Germán Gorraiz Lopez | Iruñea

El Parlamento navarro y la Ley del Vascuence

Con el actual Gobierno navarrista de Yolanda Barcina, se habría producido una clara sumisión de UPN a los dictados del Gobierno del PP, pues debido a su minoría parlamentaria en la Cámara navarra habría llegado a un acuerdo tácito con el Gobierno central para frenar las leyes que apruebe el díscolo Parlamento navarro mediante el recurso sistemático ante el Tribunal Constitucional, basándose en el artículo 161.2 de la vigente Constitución.

Dicho artículo señala que «el Ejecutivo central podrá impugnar ante el Tribunal Constitucional las disposiciones y resoluciones adoptadas por los órganos de las CCAA» ( de lo que sería paradigma el recurso de la ley foral que otorga al Parlamento la potestad de aprobar los ERE de empresas públicas), lo que ‘de facto’ ha supuesto el vaciar de contenido las competencias legislativas de una Cámara foral navarra devenida en barco amotinado que navegará sin rumbo fijo hasta las próximas Elecciones Forales del 2015.
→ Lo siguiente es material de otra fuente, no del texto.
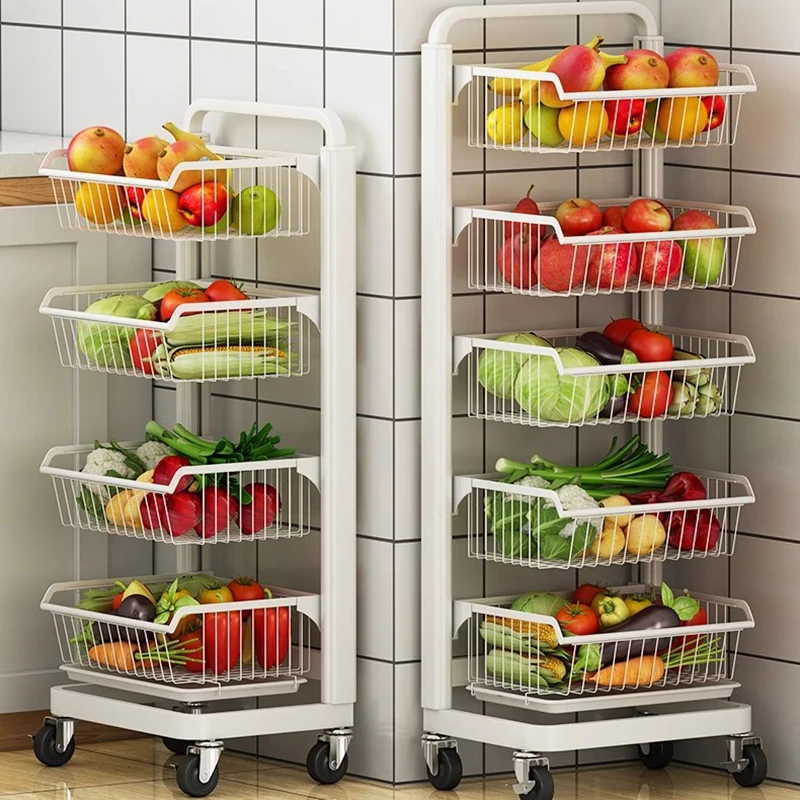 Portable Bathroom Organizer Rolling Rack Shopping Food Cart Space Saving Detachable Meuble Cuisine Kitchen Accessories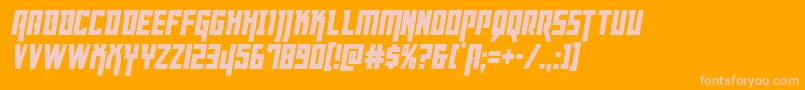 フォントDangerflightcondital – オレンジの背景にピンクのフォント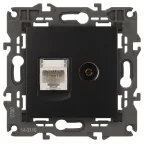 Розетка RJ45+TV, Эра Elegance, антрацит, 14-3110-05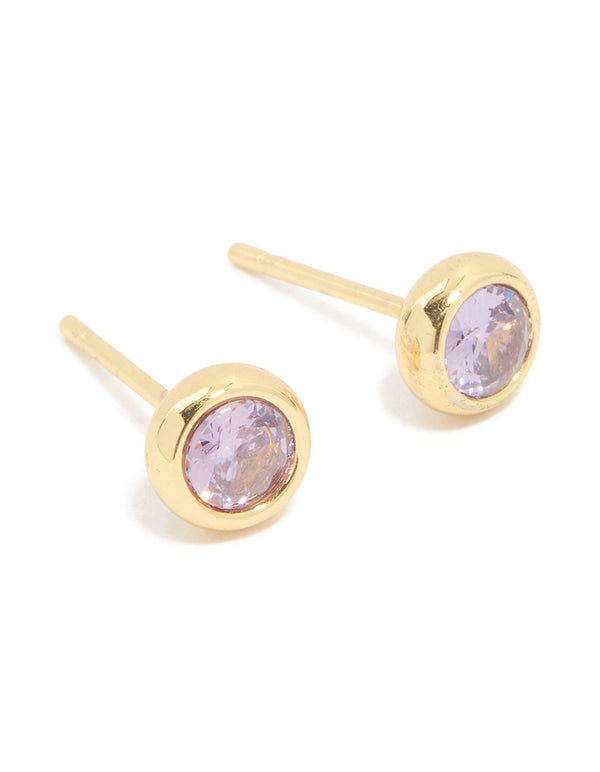 Beautifully crafted waterproof bezel set stud earrings featuring lavender cubic zirconia stones in a gold plated stainless steel setting front view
Hasta ahora, la mayoría parlamentaria UPN-PSN ha defendido el mantenimiento de la zonificación lingüística impuesta por la ley del Vascuence en 1986 como garantía del respeto a la pluralidad de Navarra y han rechazado el modelo uniformista aplicado en el País Vasco con la Ley 10/1982 Básica del Euskera para logar «una euskaldunización dirigida de todo el territorio», por lo que los cotos lingüísticos virtuales e impermeables a toda influencia externa implementados por la ley del Vascuence aún permanecen vigentes , aunque con síntomas de resquebrajamiento en sus paredes.

Así, el Parlamento de Navarra aprobó el 18 de febrero de 2010 la primera y única modificación hasta la fecha de la Ley Foral del Vascuence, mediante la cual varios ayuntamientos de la Comarca del Sur de Pamplona (Galar, Belascoain y Aranguren) pasaron a incorporarse a la Zona Mixta tras logar mayoría absoluta en la votación de los Plenos de sus respectivos Consistorios. Dada la actual soledad política del Gobierno de Barcina en el Parlamento de Navarra, nos encontraríamos en el escenario apropiado para logar una nueva modificación de la vigente zonificación lingüística que debería rediseñar la actual cartografía de las zonas lingüísticas en Navarra, finiquitando la Zona No vascófona y quedando el territorio foral integrado por una zona vascófona y otra mixta, con la consiguiente expansión del mapa radial de los centros de Modelo D (modelo educativo que utiliza el euskera o vascuence como lengua vehicular), pues a pesar del impacto mediático del Nafarroa Oinez, la cruda realidad nos demuestra que el euskera en Navarra se encamina lenta pero inexorablemente hacia un progresivo estancamiento ( exigüo incremento del 1,5% de vascoparlantes en los últimos 15 años).